Fixed an assistant aggregator issue that could cause assistant text to be split into multiple chunks during function calls.
Fixed an assistant aggregator issue that was causing assistant text to not be added to the context during function calls. This could lead to duplications.
Fixed a SegmentedSTTService issue that was causing audio to be sent prematurely to the STT service. Instead of analyzing the volume in this service we rely on VAD events which use both VAD and volume.
Fixed a GeminiMultimodalLiveLLMService issue that was causing messages to be duplicated in the context when pushing LLMMessagesAppendFrame frames.
Fixed an issue with SegmentedSTTService based services (e.g. GroqSTTService) that was not allow audio to pass-through downstream.

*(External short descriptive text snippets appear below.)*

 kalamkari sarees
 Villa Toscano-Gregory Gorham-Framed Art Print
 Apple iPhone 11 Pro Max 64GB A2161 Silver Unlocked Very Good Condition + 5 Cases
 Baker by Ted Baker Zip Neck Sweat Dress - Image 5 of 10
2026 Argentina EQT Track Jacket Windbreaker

Fixed a CartesiaTTSService and RimeTTSService issue that would consider text between spelling out tags end of sentence.
Fixed a match_endofsentence issue that would result in floating point numbers to be considered an end of sentence.

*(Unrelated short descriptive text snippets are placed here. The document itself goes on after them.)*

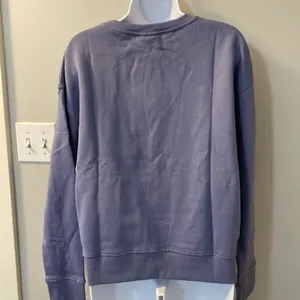 PACT 100% Organic Cotton Ombre Lotus Fleece Lined Slouchy Sweatshirt. 🪷large thumbnail 2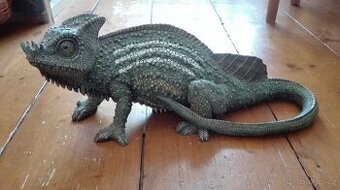 Chameleon - dekorační předmět - 60 cm - 1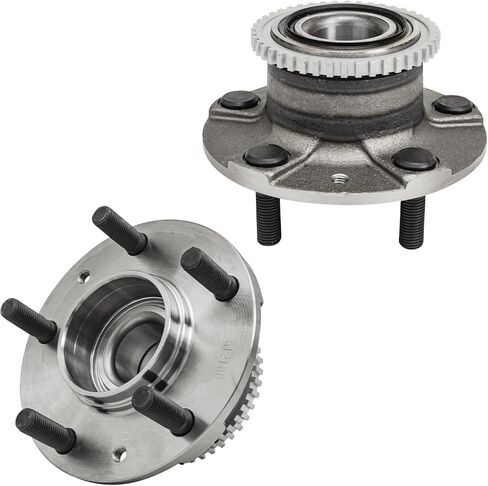 Detroit Axle - FWD Pair Rear Wheel Bearing Hubs for 2013-2015 Honda Accord 2015-2019 TLX 2 Wheel Hub Bearings Assembly Replacement in Saudi Arabia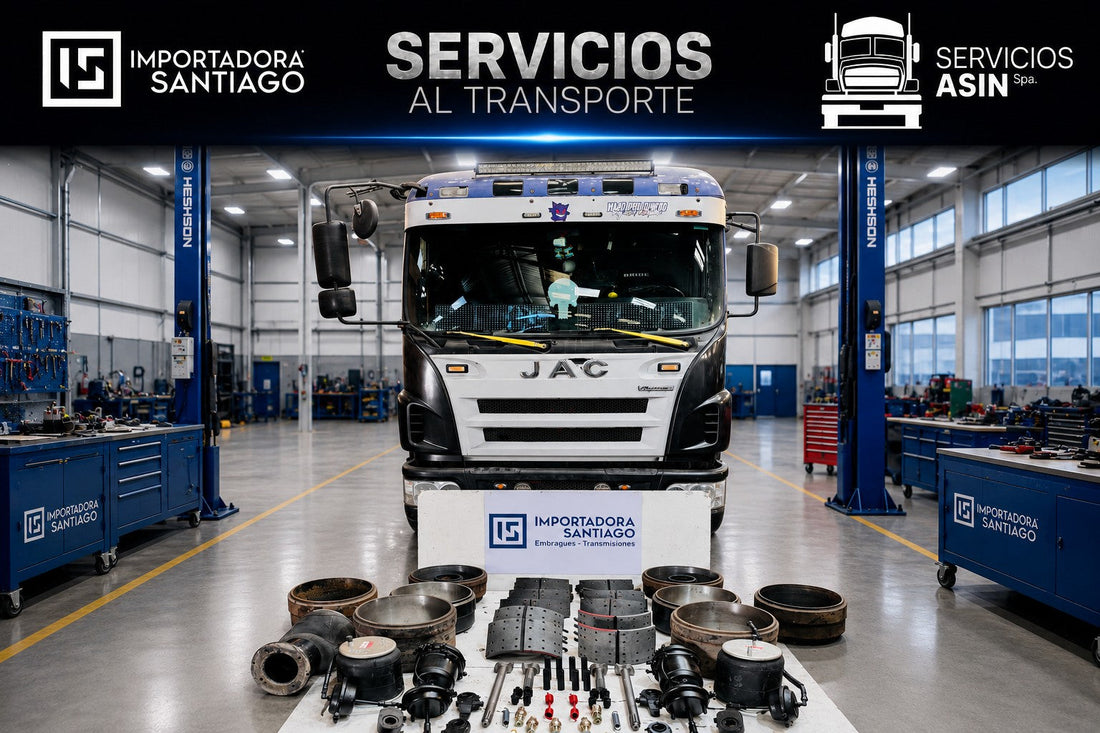 Reparación de frenos JAC Runner HFC 1132 | Importadora Santiago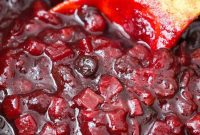 Festive Cranberry Relish
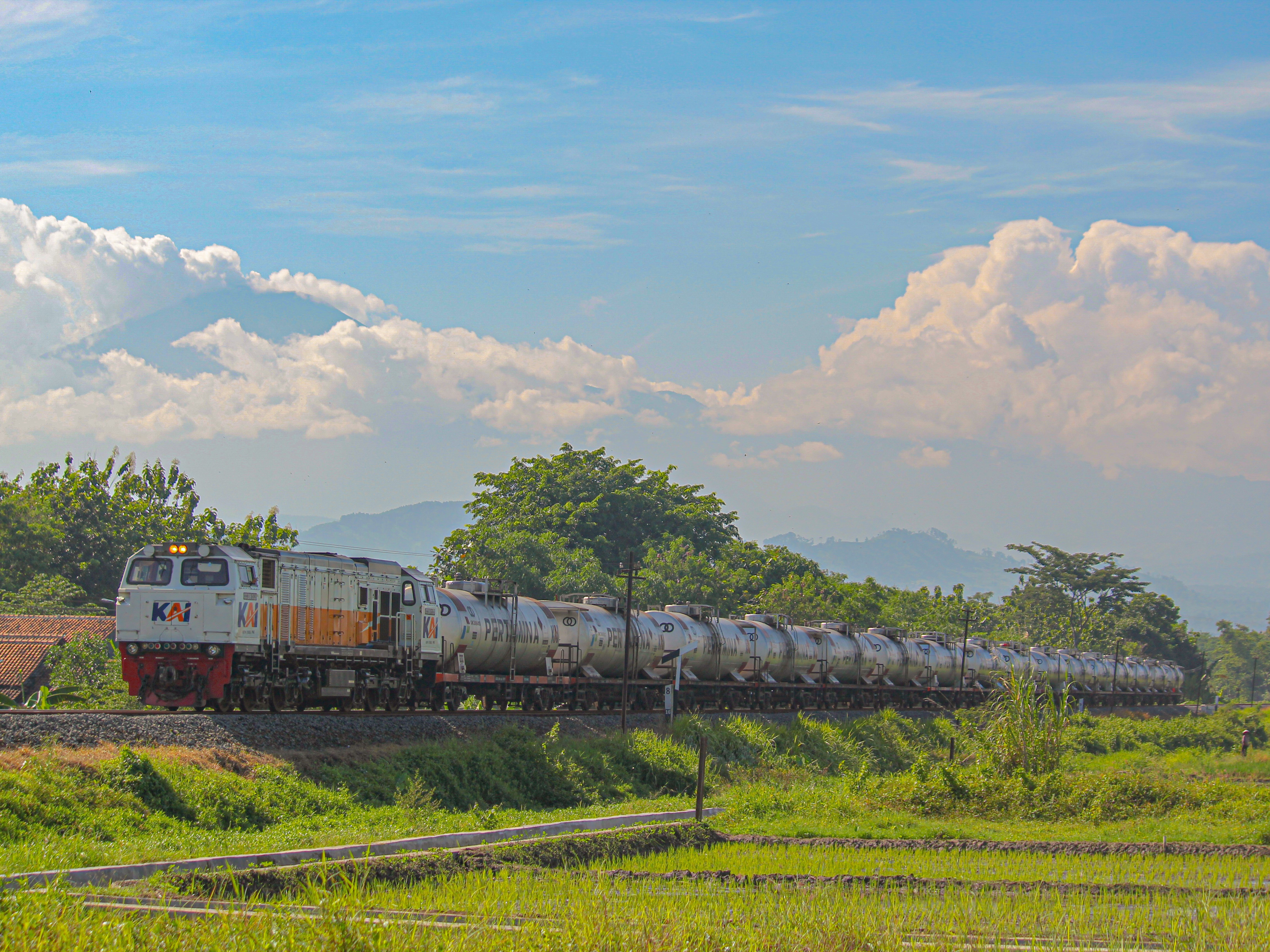 Gamao Tanker di pagi hari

Fixed a match_endofsentence issue that would result in emails to be considered an end of sentence.
Fixed an issue where the RTVI message disconnect-bot was pushing an EndFrame, resulting in the pipeline not shutting down. It now pushes an EndTaskFrame upstream to shutdown the pipeline.
Fixed an issue with the GoogleSTTService where stream timeouts during periods of inactivity were causing connection failures. The service now properly detects timeout errors and handles reconnection gracefully, ensuring continuous operation even after periods of silence or when using an STTMuteFilter.
Fixed an issue in RimeTTSService where the last line of text sent didn't result in an audio output being generated.
Fixed OpenAIRealtimeBetaLLMService by adding proper handling for:
- The conversation.item.input_audio_transcription.delta server message, which was added server-side at some point and not handled client-side.
- Errors reported by the response.done server message.

Other

Add foundational example 07w-interruptible-fal.py, showing FalSTTService.
Added a new Ultravox example examples/foundational/07u-interruptible-ultravox.py.
Added new Neuphonic examples examples/foundational/07v-interruptible-neuphonic.py and examples/foundational/07v-interruptible-neuphonic-http.py.
Added a new example examples/foundational/36-user-email-gathering.py to show how to gather user emails. The example uses's Cartesia's <spell></spell> tags and Rime spell() function to spell out the emails for confirmation.
Update the 34-audio-recording.py example to include an STT processor.
Added foundational example 35-voice-switching.py showing how to use the new PatternPairAggregator. This example shows how to encode information for the LLM to instruct TTS voice changes, but this can be used to encode any information into the LLM response, which you want to parse and use in other parts of your application.
Added a Pipecat Cloud deployment example to the examples directory.
Removed foundational examples 28b and 28c as the TranscriptProcessor no longer has an LLM depedency. Renamed foundational example 28a to 28-transcript-processor.py.